Activity >> Which lines run from the line with "Minimalist Round Circle" through the line with "Іграшкова машинка металева" in the entries below? Print them exactly, both ends included, and nothing more.

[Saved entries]
+===+

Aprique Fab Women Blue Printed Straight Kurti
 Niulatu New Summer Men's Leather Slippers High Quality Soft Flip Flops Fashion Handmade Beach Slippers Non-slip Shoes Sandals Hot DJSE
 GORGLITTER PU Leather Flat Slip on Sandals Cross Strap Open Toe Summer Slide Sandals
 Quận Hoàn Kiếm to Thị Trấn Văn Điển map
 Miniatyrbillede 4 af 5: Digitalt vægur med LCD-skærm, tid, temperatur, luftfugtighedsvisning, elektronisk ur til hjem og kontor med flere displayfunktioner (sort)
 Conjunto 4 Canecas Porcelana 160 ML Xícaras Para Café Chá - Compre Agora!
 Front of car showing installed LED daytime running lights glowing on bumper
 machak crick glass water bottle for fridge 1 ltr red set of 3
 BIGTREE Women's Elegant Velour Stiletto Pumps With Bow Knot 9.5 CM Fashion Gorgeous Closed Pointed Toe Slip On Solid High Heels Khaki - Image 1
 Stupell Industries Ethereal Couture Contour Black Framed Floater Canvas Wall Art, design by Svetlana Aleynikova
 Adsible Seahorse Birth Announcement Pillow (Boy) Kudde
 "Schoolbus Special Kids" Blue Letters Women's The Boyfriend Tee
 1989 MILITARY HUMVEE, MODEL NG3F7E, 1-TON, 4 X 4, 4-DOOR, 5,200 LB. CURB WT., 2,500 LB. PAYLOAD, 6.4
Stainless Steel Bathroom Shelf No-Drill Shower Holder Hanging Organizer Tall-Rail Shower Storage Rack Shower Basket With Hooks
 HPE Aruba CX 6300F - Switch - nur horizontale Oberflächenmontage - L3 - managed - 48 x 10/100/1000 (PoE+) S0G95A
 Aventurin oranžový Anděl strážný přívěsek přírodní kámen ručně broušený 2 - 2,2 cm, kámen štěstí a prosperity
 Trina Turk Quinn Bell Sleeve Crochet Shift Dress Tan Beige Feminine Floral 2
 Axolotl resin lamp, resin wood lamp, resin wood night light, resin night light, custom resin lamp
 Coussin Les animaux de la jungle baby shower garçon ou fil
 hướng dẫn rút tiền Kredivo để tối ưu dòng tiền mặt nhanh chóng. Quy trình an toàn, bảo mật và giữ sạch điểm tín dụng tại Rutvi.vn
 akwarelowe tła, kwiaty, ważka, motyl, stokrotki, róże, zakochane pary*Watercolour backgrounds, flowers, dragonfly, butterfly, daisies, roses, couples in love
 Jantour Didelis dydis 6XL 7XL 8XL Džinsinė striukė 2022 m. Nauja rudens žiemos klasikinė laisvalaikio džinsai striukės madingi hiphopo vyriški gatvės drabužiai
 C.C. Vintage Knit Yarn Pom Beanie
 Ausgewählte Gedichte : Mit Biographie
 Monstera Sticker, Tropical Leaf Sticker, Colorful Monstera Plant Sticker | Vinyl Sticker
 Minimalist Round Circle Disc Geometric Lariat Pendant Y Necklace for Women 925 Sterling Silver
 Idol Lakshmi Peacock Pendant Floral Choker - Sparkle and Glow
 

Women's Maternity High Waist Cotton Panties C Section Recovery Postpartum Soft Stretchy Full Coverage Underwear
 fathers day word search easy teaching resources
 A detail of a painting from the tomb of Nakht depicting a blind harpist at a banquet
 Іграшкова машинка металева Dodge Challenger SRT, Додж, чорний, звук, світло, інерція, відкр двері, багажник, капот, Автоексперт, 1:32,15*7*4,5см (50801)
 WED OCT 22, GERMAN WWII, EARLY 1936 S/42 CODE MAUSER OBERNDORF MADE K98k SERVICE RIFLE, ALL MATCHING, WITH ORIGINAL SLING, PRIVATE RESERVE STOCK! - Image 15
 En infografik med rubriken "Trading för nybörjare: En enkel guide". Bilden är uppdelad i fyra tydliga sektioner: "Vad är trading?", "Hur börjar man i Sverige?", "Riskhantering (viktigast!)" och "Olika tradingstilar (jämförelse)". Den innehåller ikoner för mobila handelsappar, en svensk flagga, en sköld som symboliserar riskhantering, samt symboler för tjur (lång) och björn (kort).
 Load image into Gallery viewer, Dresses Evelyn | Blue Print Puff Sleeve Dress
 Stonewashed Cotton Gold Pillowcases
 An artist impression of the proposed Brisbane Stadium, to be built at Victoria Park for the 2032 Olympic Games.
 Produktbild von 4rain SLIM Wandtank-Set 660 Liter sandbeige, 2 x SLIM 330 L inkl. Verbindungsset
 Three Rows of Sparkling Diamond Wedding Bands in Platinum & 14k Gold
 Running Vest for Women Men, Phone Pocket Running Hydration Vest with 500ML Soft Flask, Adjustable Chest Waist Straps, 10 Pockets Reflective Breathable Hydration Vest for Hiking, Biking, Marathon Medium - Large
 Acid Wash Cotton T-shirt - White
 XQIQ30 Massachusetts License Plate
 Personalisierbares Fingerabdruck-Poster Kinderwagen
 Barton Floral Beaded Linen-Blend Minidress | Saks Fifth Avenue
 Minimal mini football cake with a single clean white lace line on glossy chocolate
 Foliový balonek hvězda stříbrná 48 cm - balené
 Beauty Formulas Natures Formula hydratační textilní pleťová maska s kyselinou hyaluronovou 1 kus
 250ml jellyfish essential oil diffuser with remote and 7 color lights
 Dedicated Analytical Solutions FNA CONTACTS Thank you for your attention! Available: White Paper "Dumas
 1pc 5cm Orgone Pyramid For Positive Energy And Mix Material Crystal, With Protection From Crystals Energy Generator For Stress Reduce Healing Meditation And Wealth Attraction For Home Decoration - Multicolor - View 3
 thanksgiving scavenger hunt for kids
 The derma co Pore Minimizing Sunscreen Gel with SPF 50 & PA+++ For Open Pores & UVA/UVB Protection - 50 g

+===+

Output of the exercise >>
 Minimalist Round Circle Disc Geometric Lariat Pendant Y Necklace for Women 925 Sterling Silver
 Idol Lakshmi Peacock Pendant Floral Choker - Sparkle and Glow
 

Women's Maternity High Waist Cotton Panties C Section Recovery Postpartum Soft Stretchy Full Coverage Underwear
 fathers day word search easy teaching resources
 A detail of a painting from the tomb of Nakht depicting a blind harpist at a banquet
 Іграшкова машинка металева Dodge Challenger SRT, Додж, чорний, звук, світло, інерція, відкр двері, багажник, капот, Автоексперт, 1:32,15*7*4,5см (50801)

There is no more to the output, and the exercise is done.